The star of the show here is https://platform.worldlabs.ai/ (author works there, I don't) which is really good. There's also Meshy.ai (which this repo doesn't seem to use?) for non-scene stuff that's right up there in quality. There's texturing, auto-rigging, etc.
The latest VLLM models have true pixel image grounding which means you can totally ask your AI about pixel coordinates of things, so you get 3d perception for edits and anything else you need.
I'm actually surprised I don't see this stuff being used more; I think it's because most pipelines are hard-baked with assumption that your 3D assets are files you get from an artist, not something you can imagine up in minutes in a script. The technology is moving faster than the industry can keep up with.
I remember like seventeen years years ago, Microsoft had "PhotoSynth", which would make 3D environments based on a bunch of images, and seventeen-year-old-tombert thought it was one of the most amazing things to ever be done on a computer.
Doing this with just one image makes this at least an order of magnitude cooler. I will be playing with this over the weekend.
My pixel6 has a photo sphere mode on the camera which is the same thing
I'm at a crossroad , do I opt for 3d mesh isometrics with more hardware requirements for mobile phones or stick to isometric sprite which nobody seems to be generating via AI reliably (happy to be corrected here if anybody does find a way)
If you aren't ready to rig and adjust model poses in a 3D tool, you might be better off generating each movable model part as a separate mesh and just arranging them in space before doing the above.

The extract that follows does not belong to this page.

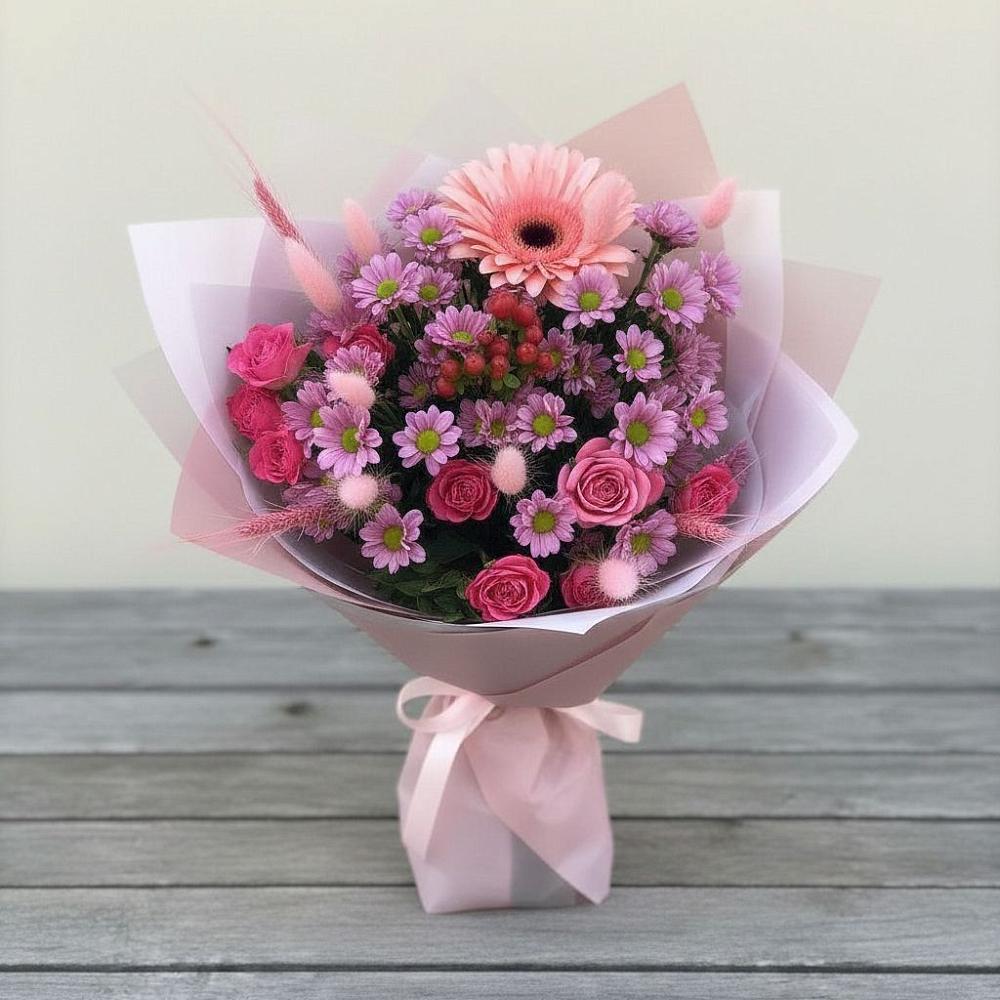 Букет цветов из: Розы, Герберы и Хризантемы в Андреаполе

I ended up thinking it might be easier to generate rigged models, animate them, and capture from an iso perspective, then do some kind of pixel art style transfer on the masked sprite sheet. Eventually I realized my kid didn't really care too much about the visuals so I didn't get too far with it.

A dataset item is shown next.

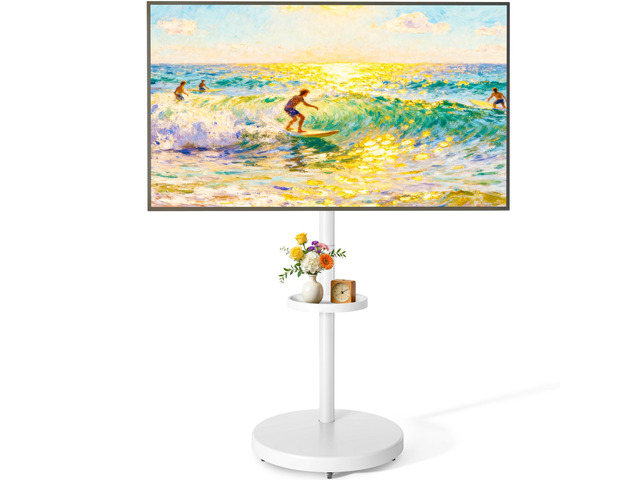 Rolling TV Stand for 32-65' TVs, 88 lbs, White Portrait or landscape mobile TV cart, adjustable storage box, shelf, height and tilt, VESA up to...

Just find an artist or learn to draw
https://github.com/Microsoft/TRELLIS
I've been trying to use this to generate 3d character models from images. I am enjoying 3d printing these models to mess with my kids.
Not much of what I've found runs on local models but I'm always on the lookout. Meshy.ai (mentioned here) offers really nice generation but the cost adds up quickly.
Tencent's Hunyuan3D (https://github.com/Tencent-Hunyuan) is a single/multi view photogrammetry replacement, which image-blaster is based on.
Facebook Research has extended SAM to 3D (https://github.com/facebookresearch/sam-3d-objects), separating as 'Objects' and 'Body'.
The workflows to make meshes watertight for 3D printing are all pretty effective.
From what I can tell, it takes an image and first segments it into objects versus environment then sends the environment to Marble 1.1 to generate a Gaussian splat,sends all the isolated individual objects to Hunyuan to generate GLB model files.
But the esper interface is all voice activated, and doesn't talk back - which I think is very prescient, and more likely the way things will go. I'd much rather voice assistants just did the thing that I want them to do rather than talk back to me
Ever since then, I have viewed scenes such as the "lingerie store scene" from Enemy of the State [2] with a little bit less eye rolling...
It's always weird to see her in stuff.
Example: https://uthana.com/app/preview/cXi2eAP19XwQ/mH7opbcqZE4P
Haven't used it professionally mainly because the titles I've worked on lately aren't realistic so you can't really procure the materials to scan.
May I ask if Claude is the only option to use the tool?